**DATA EXCERPTS:**
-- Opening Marker --

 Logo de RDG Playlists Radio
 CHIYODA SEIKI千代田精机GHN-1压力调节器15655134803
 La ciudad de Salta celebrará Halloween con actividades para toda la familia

-- Closing Marker --
-- Opening Marker --

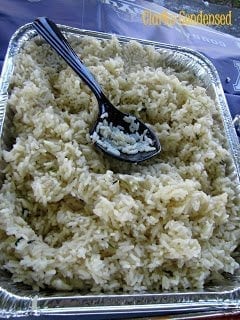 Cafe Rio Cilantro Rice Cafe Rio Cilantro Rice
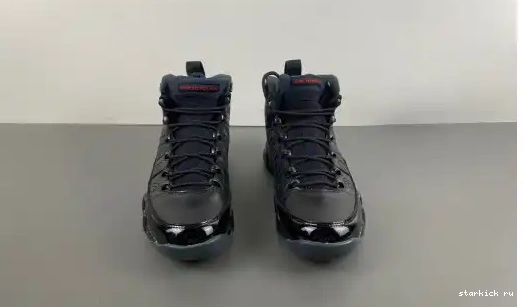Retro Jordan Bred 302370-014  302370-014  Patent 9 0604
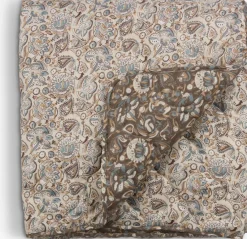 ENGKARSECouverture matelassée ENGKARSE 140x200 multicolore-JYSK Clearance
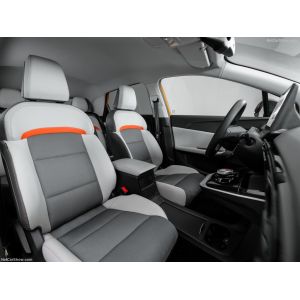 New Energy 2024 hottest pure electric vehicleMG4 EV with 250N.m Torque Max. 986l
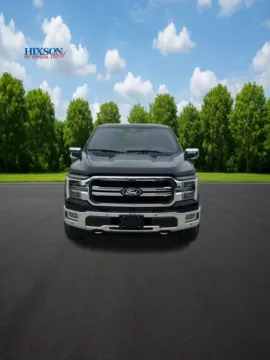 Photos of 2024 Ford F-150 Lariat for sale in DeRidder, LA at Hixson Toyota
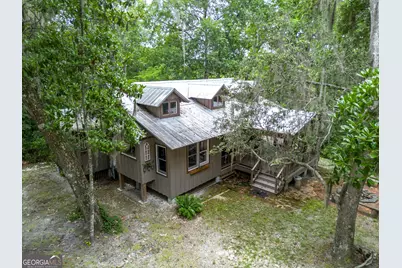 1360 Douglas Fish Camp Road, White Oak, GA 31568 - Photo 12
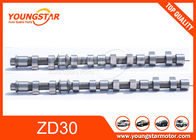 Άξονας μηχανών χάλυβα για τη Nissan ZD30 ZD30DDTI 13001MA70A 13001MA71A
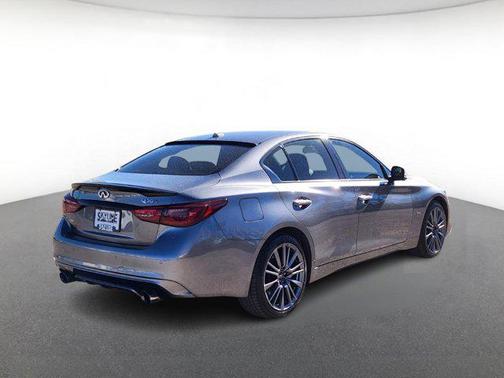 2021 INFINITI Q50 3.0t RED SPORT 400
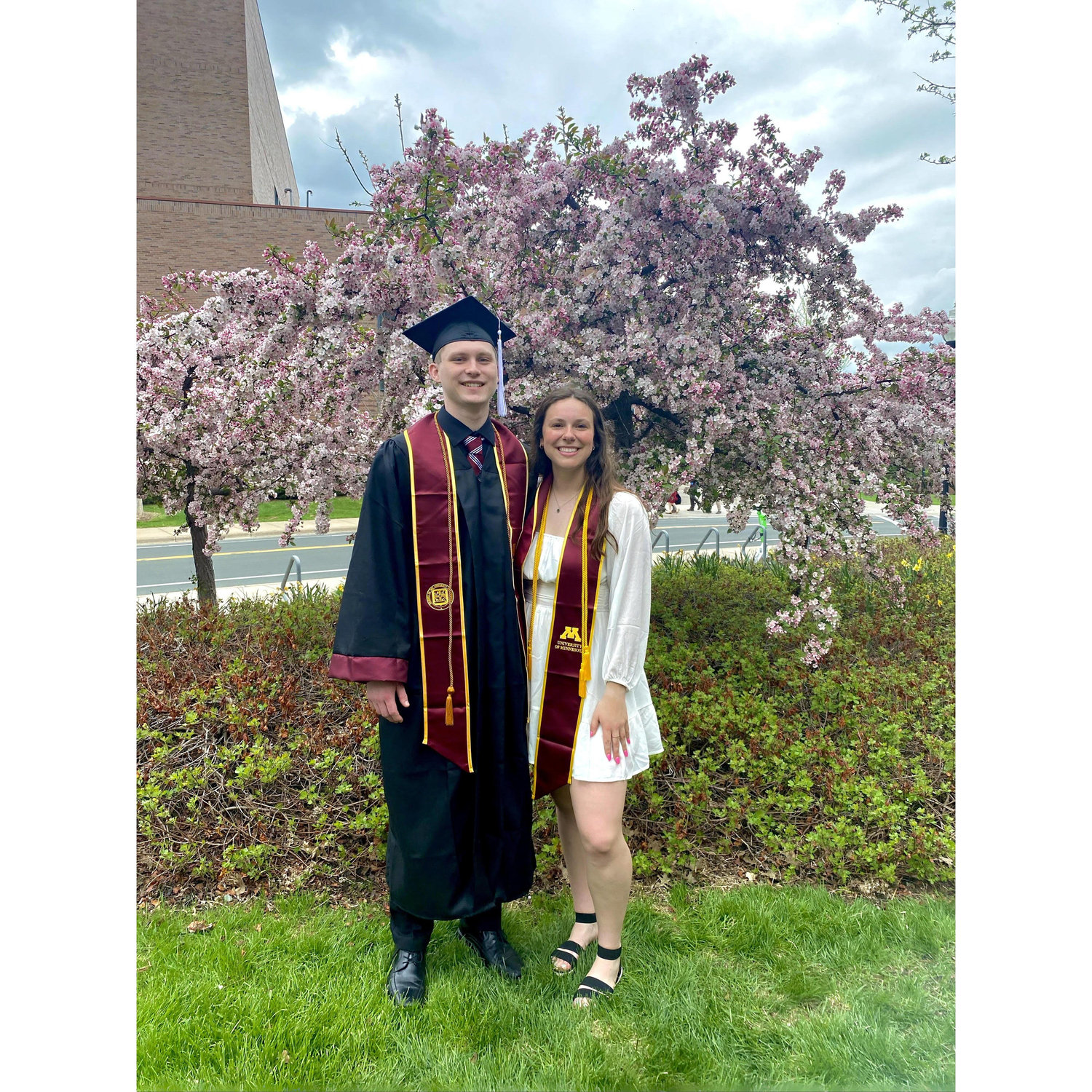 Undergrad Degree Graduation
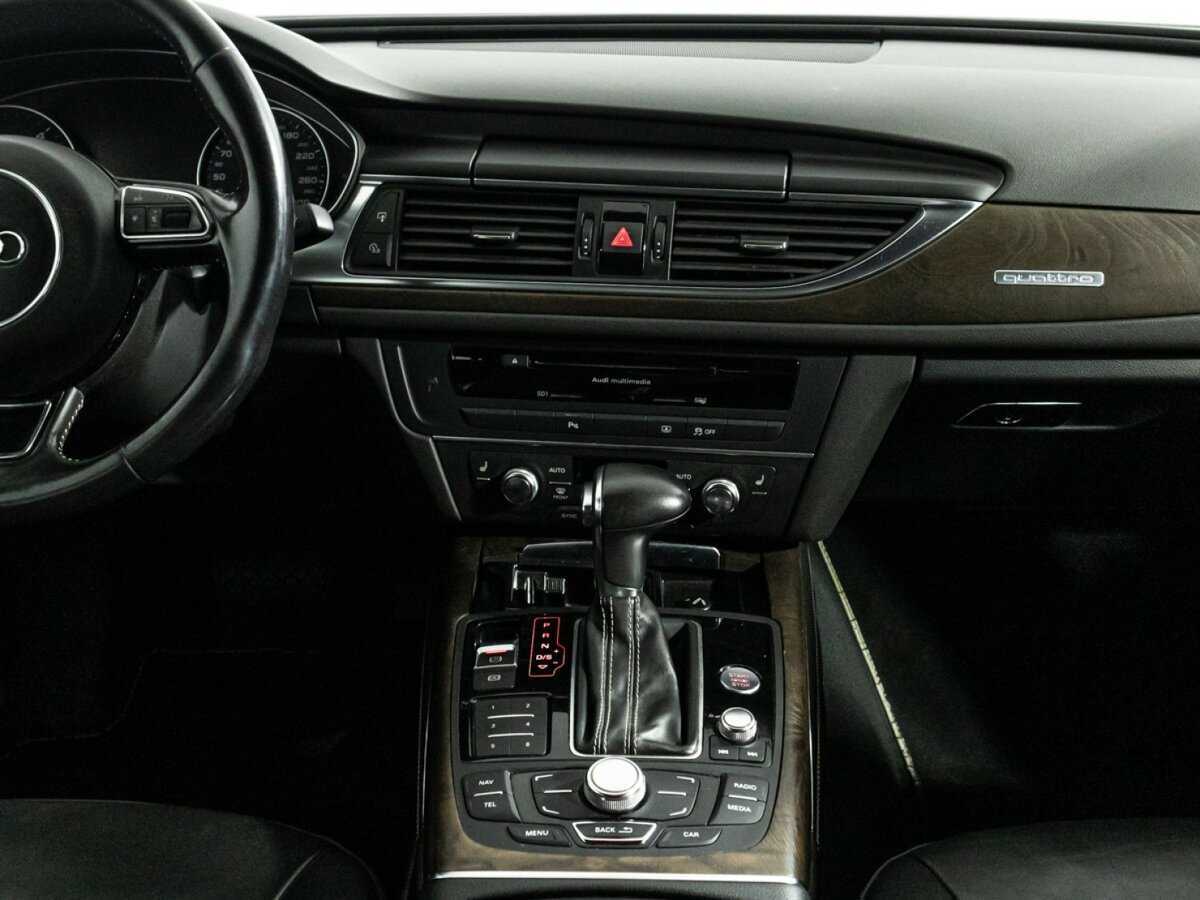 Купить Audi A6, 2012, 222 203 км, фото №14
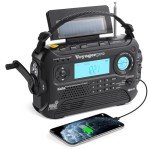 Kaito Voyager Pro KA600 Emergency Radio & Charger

-- Closing Marker --
-- Opening Marker --

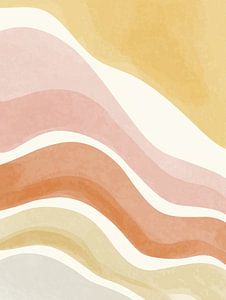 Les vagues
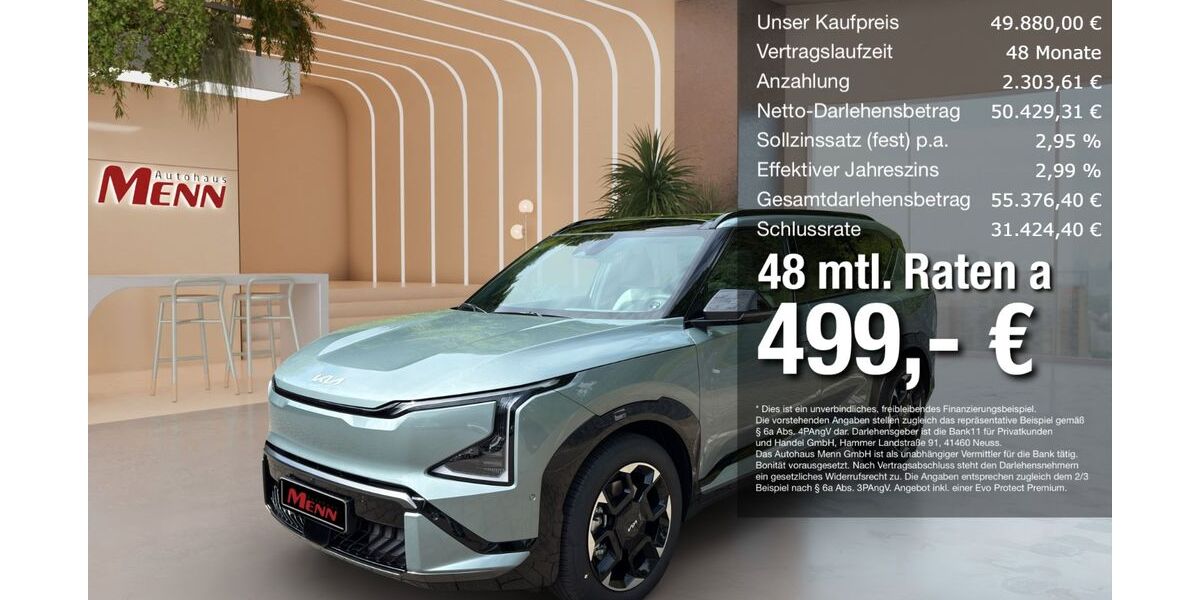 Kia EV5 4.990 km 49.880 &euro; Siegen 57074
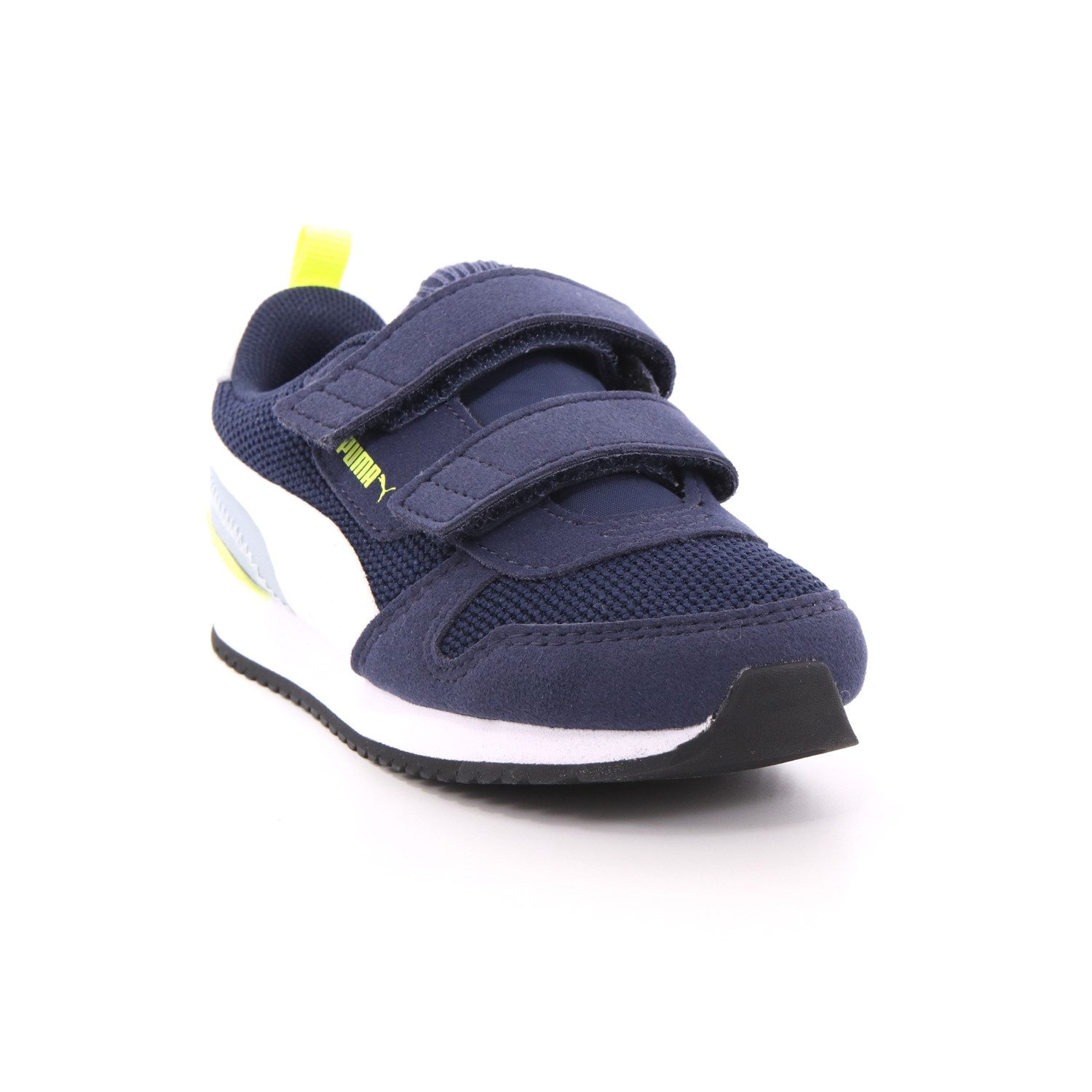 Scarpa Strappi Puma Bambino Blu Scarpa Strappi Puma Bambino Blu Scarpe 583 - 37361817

-- Closing Marker --

Beginning with the line above that contains "Cafe Rio Cilantro Rice Cafe" and ending with the line that contains "Undergrad Degree Graduation", quote each line exactly, keeping out the pictures.

 Cafe Rio Cilantro Rice Cafe Rio Cilantro Rice
Retro Jordan Bred 302370-014  302370-014  Patent 9 0604
 ENGKARSECouverture matelassée ENGKARSE 140x200 multicolore-JYSK Clearance
 New Energy 2024 hottest pure electric vehicleMG4 EV with 250N.m Torque Max. 986l
 Photos of 2024 Ford F-150 Lariat for sale in DeRidder, LA at Hixson Toyota
 1360 Douglas Fish Camp Road, White Oak, GA 31568 - Photo 12
 Άξονας μηχανών χάλυβα για τη Nissan ZD30 ZD30DDTI 13001MA70A 13001MA71A
 2021 INFINITI Q50 3.0t RED SPORT 400
 Undergrad Degree Graduation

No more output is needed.